Being deprived of our own birthright and our own natural heritage for over 350 years has helped to shape us into a race that has a psychologically deep seated belief of “not being good enough” which is very damaging to our self-esteem as a cultural race.

Hence some, if not most, of us believe that “imports are better” or “foreigners are better than we are” or “white skin is better than dark skin”. 

Our Religion
Since the majority of Filipinos are Catholics, most of us are no stranger to feeling guilty every time something goes wrong whether or not it is our fault.  We also have been told “Blessed are the poor for they will be rewarded in Heaven”,  “Blessed are the meek”,  “Blessed are the sufferers” and “We should sacrifice”. So, in our wish to be good Catholics we all suffer in silence putting aside our wants and needs and desires.  Sometimes it is so extreme we stay in relationships that are detrimental to our physical or mental health. Don’t get me wrong.  There is nothing wrong with being a Catholic, after all, I am one myself! But it doesn’t help to improve one’s self-esteem unless it is balanced by sensible teachings and gentle and wise pastoral care.

Our family traditions of honouring and respecting our elders
Whilst honouring and respecting our elders is not by any means a negative cultural trait to have, it does mean that within our families, we “give in”, relent, “make do” and more often than not we follow what our elders want regardless of our own wants and needs.  For example, in our culture most of us are not subject to “arranged marriages” but nevertheless, God help any man or woman who is not liked or admired by their Filipino in-laws!  Meanwhile, as parents, often in the paternal or maternal wish for our children to show respect, we “beat our children into submission” in order to show that we are older and wiser rather than walk alongside our children and help them out through their journey. 

Why is this?  Well, first of all, it is much quicker to tell a person what to do than to explain all the ifs, buts, whys and wherefores.  So as a time saving parenting device “telling” is so much easier than “sharing”. Do we as Filipino parents ever share with our children our mistakes as we grew up? Or do we just tell them “don’t do that”.  “Why?  Because I say so.”  Furthermore, as generation gaps grow wider and modern living becomes more complex, we sometimes feel inadequate as parents in knowing just how to explain the difference between “right” and “wrong” particularly in this day and age when it is so difficult to tell apart fiction from fact.  For example – take the “Lion King”.  It started its life as a cartoon, then became an animation and now it is staged live as a West End musical!  Another example is Spiderman.  First a cartoon, then a feature length film with real people playing the parts.  In our SFX Special Effects world, how much is distorted for us about what truly is real? And as for our children, how much more difficult then is it for them to fully fathom what is painful, what is violence, what is death, what is life, what is love, what is wrong and what is right?

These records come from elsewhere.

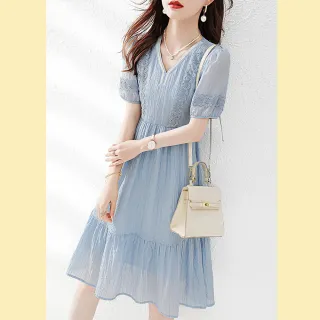 【初色】蕾絲花邊V領收腰連身連衣裙洋裝-藍色-62522(M-2XL可選)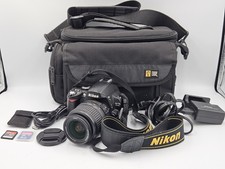 Nikon D40 Digital Camera w DX AF-S NIKKOR ED 18-55mm f 3.5-5.6 G II Lens EXTRA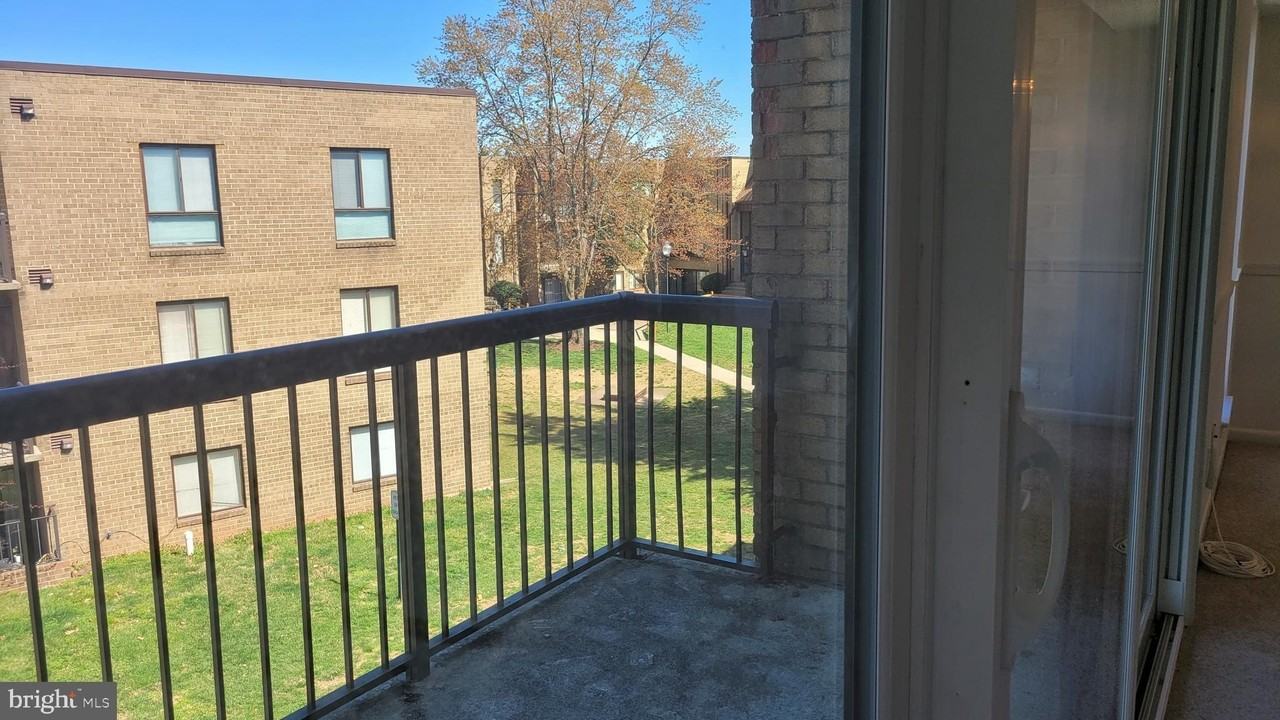 7597 Gales Ct #204 - Photo 5 of 17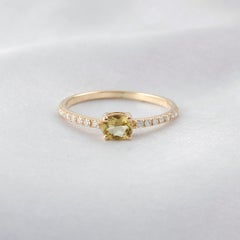 Bague solitaire en or jaune 10 carats sertie d'un saphir jaune de taille ovale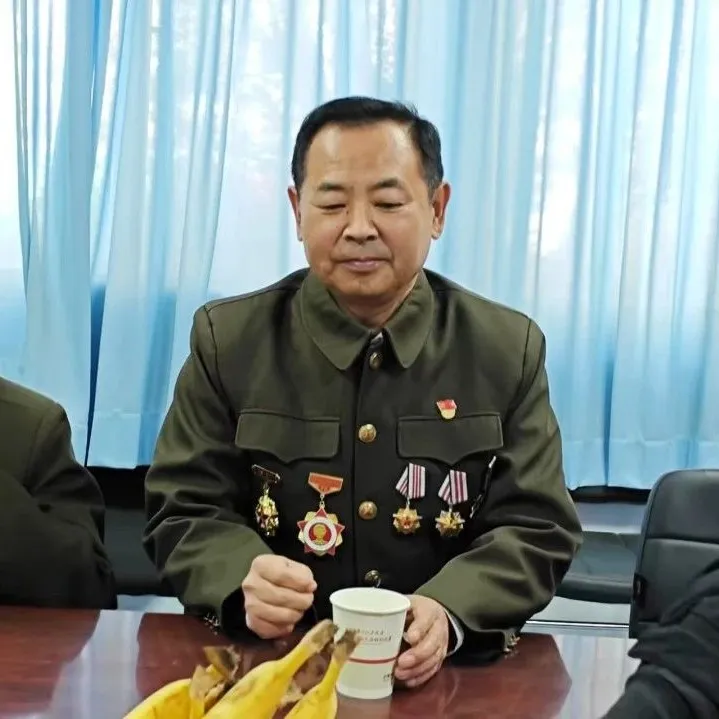 腊八时节传温情，关怀退伍老兵心郑州军海脑病医院联合商城花园社区开展慰问送温暖活动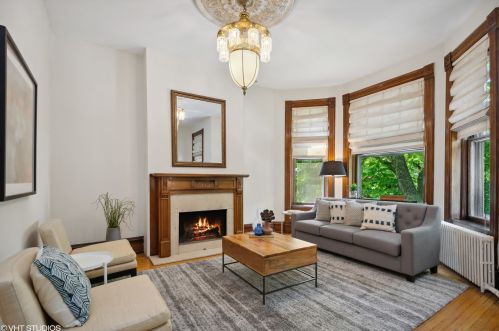 2613 Burling St, Chicago, IL 60614-1513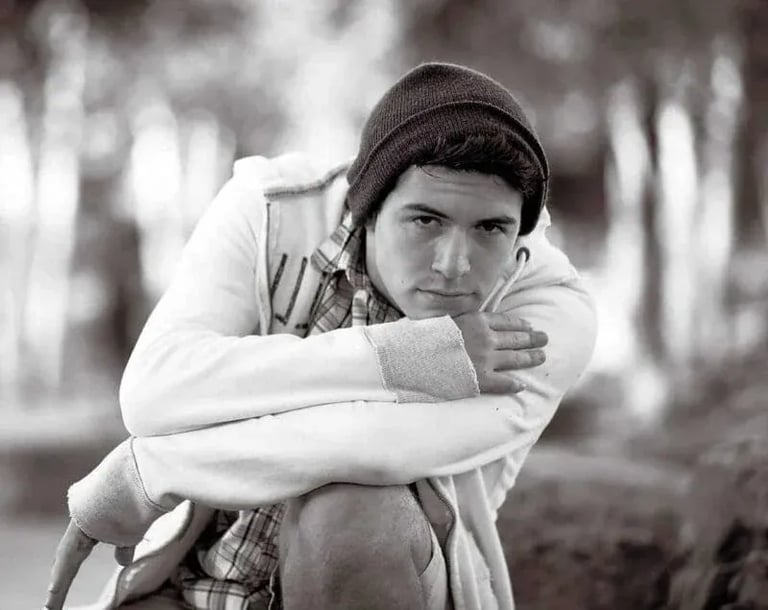 High School Senior Portrait: B/W - Guy Kneeling in Park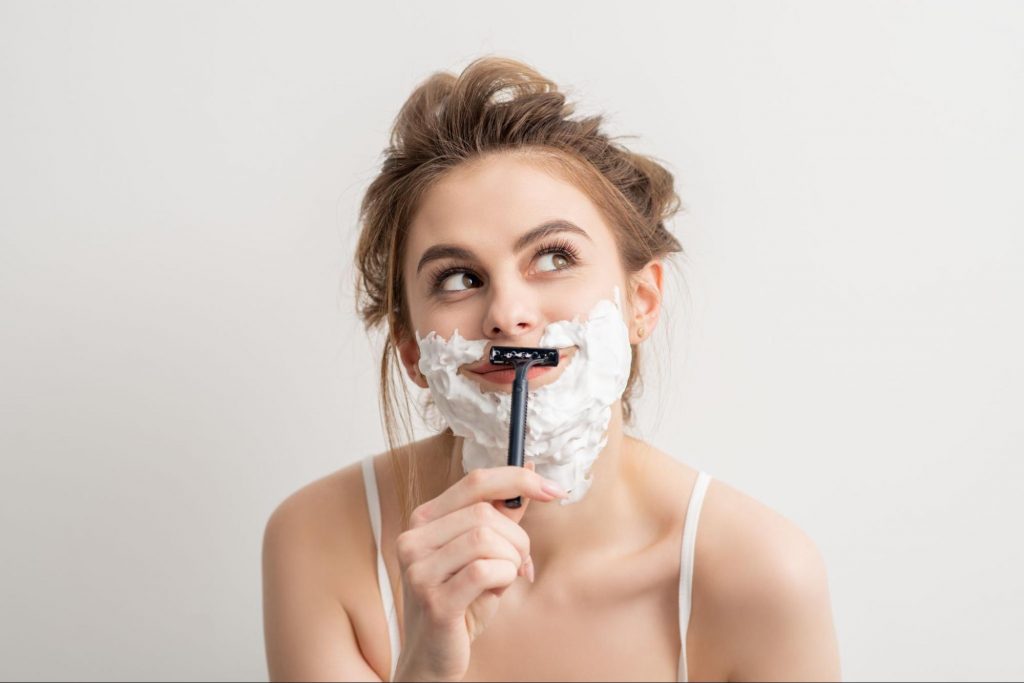 Dermaplaning vs Shaving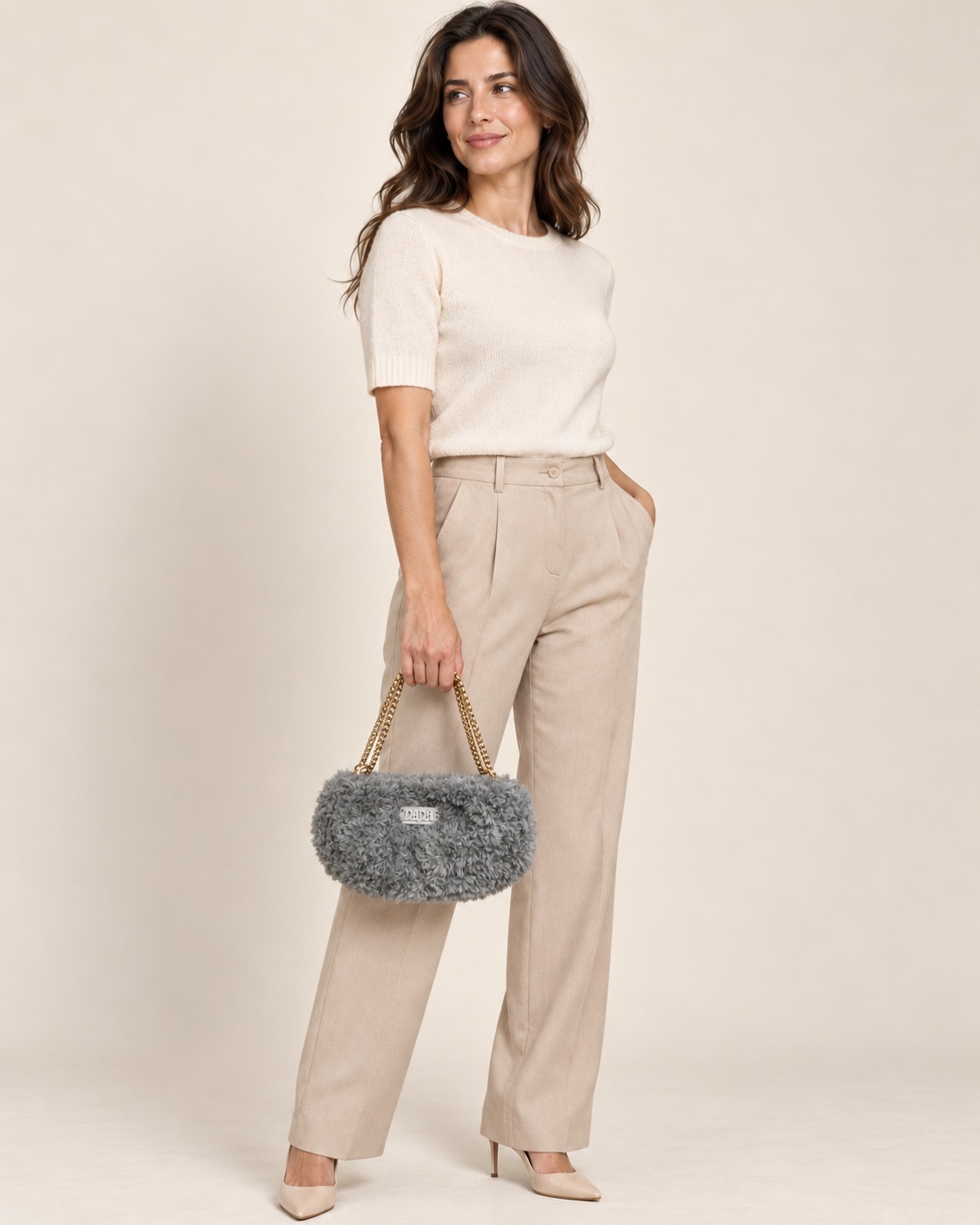 Anteprima IA: modella di riferimento con la borsa Teddy THIRTEEN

It is all so complicated and we all have so little time.  It is so much easier to “scold” than to “explain”.  So what happens next?  We think we listen to our children but we don’t really hear.  They try to express their wants and needs but we can’t relate to them – sometimes in the way our own parents couldn’t really relate to our own wants and needs.  So how do our children grow up?  With us telling them that we are right and they are wrong. If we cannot balance our children’s needs and wants with justice and prudence and wisdom, how does that affect their self-esteem and how can we expect our children to become naturally assertive?

Our language, cultural norms and expectations
They say the language of a people reflects the culture of the people.  Let us take look at one of our most popular languages, Tagalog. We do not like ”mayabang” (bigheaded) people, people who are “BSS” or “bilib sa sarili” (think very highly of themselves) or people who make us say “akala mo kung sino siya” (who do they think they are?) 

However, it is not clear whom we DO like.  “Magaling” (good) is an attribute of skill, “mabait” is an attribute of kindness but where in our language is the attribute for a good or positive self-esteem or having a good and well-rounded “ego” (a positive thing which is not to be confused with egotistical).  The nearest to positive self-esteem takes us back to “amor propio” a term, take note, we had to borrow from the Spaniards.

By the way, if any of you can think of some words in any of our languages in the Philippines that means “positive self-esteem” please let me know! We have so many dialects and languages that I am hoping that there is a word or phrase out there somewhere!

So, to wrap up, there are a myriad of reasons why people around the world are not naturally assertive.  We have looked at some of the reasons why Filipinos as a cultural race are not naturally assertive. 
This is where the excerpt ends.